Short text fragments from websites

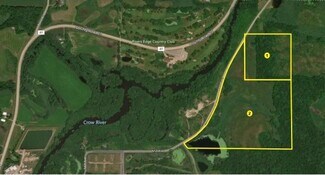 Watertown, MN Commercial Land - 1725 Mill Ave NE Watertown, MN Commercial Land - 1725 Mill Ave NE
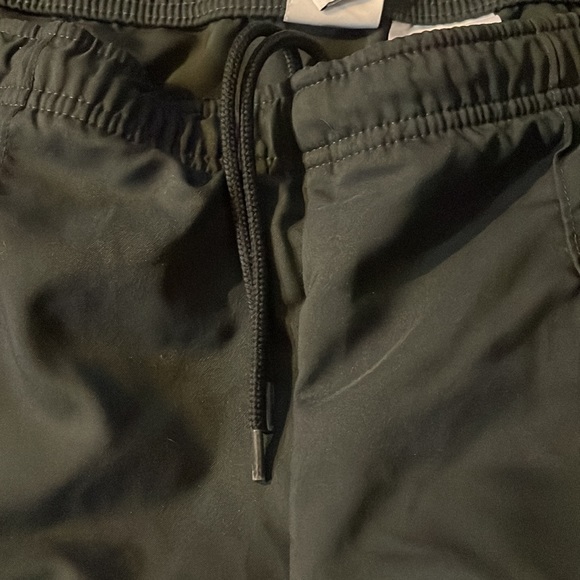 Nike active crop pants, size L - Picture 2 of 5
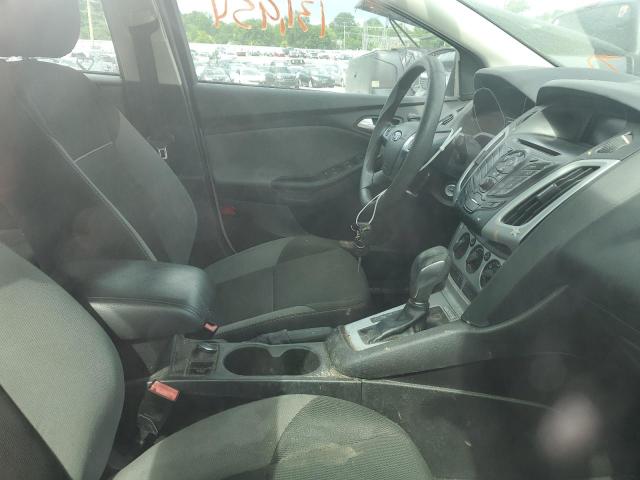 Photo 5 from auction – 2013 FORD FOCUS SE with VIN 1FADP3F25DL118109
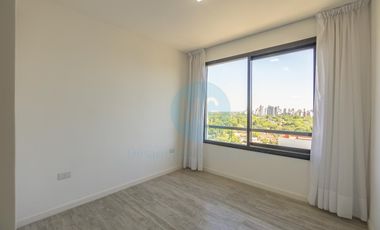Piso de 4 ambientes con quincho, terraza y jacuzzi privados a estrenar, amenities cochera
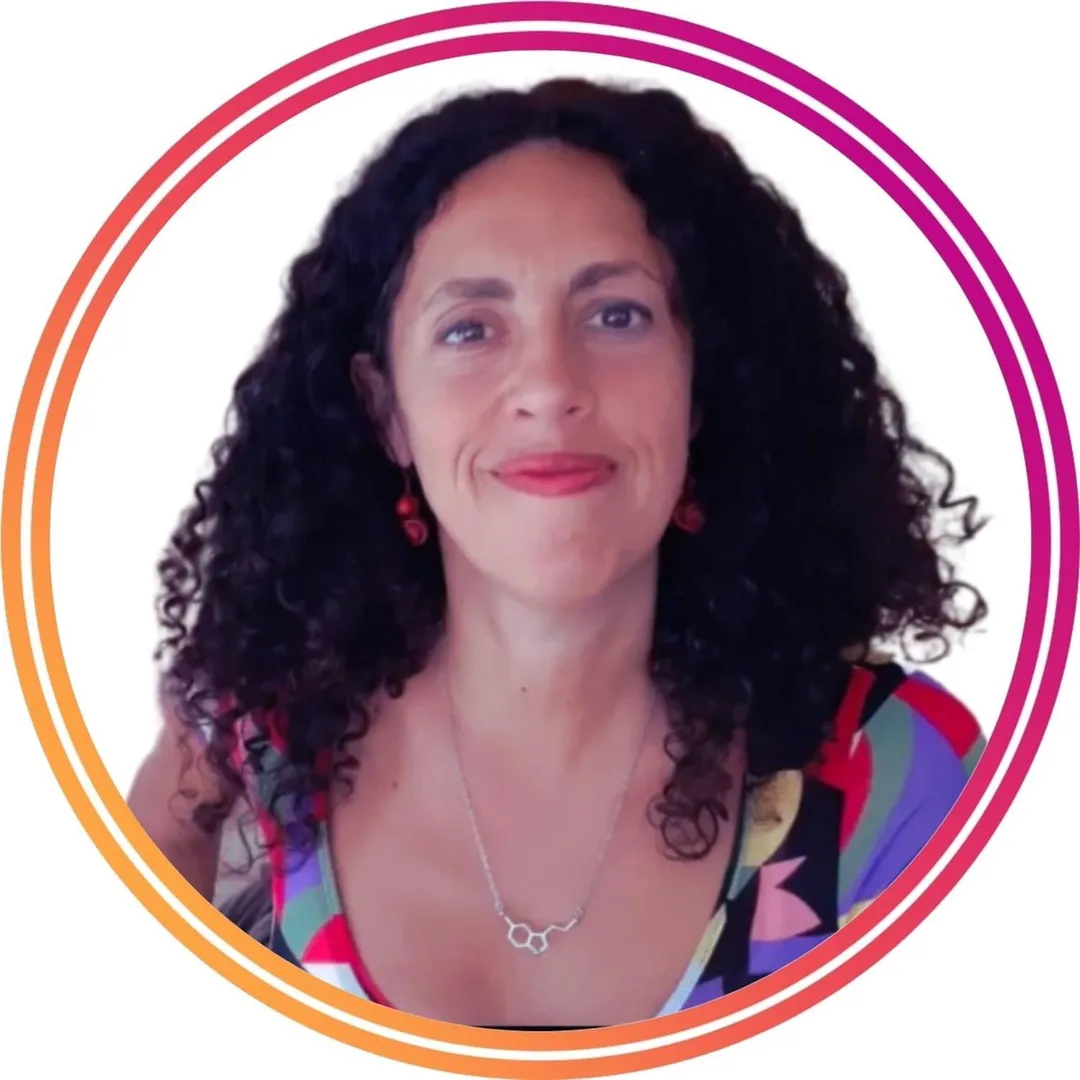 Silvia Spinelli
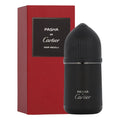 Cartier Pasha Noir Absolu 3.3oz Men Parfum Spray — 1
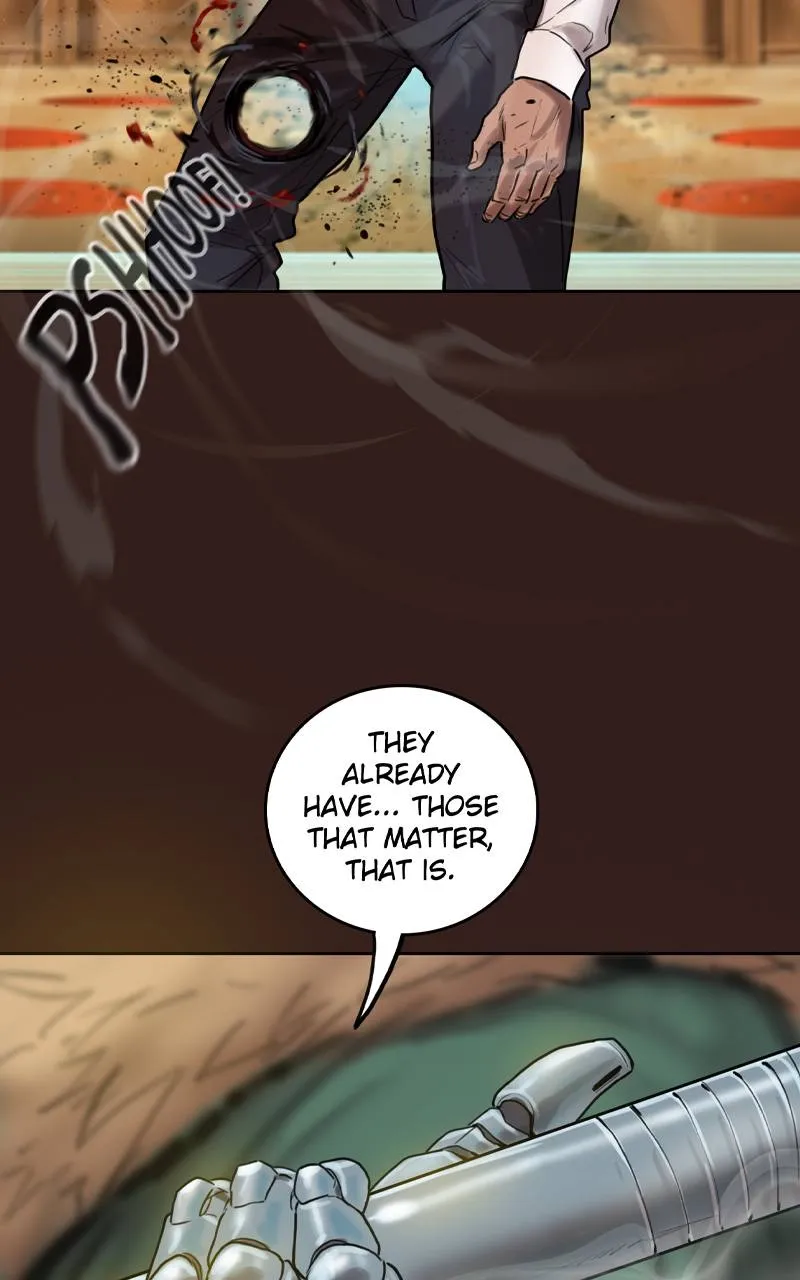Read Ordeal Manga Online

» EXERCISE: Return exactly the lines from the one with "Photo 5 from" through the last line of the entries above, both ends included. No pictures may appear in the copy.

» TASK RESPONSE:
 Photo 5 from auction – 2013 FORD FOCUS SE with VIN 1FADP3F25DL118109
Piso de 4 ambientes con quincho, terraza y jacuzzi privados a estrenar, amenities cochera
 Silvia Spinelli
 Cartier Pasha Noir Absolu 3.3oz Men Parfum Spray — 1
Read Ordeal Manga Online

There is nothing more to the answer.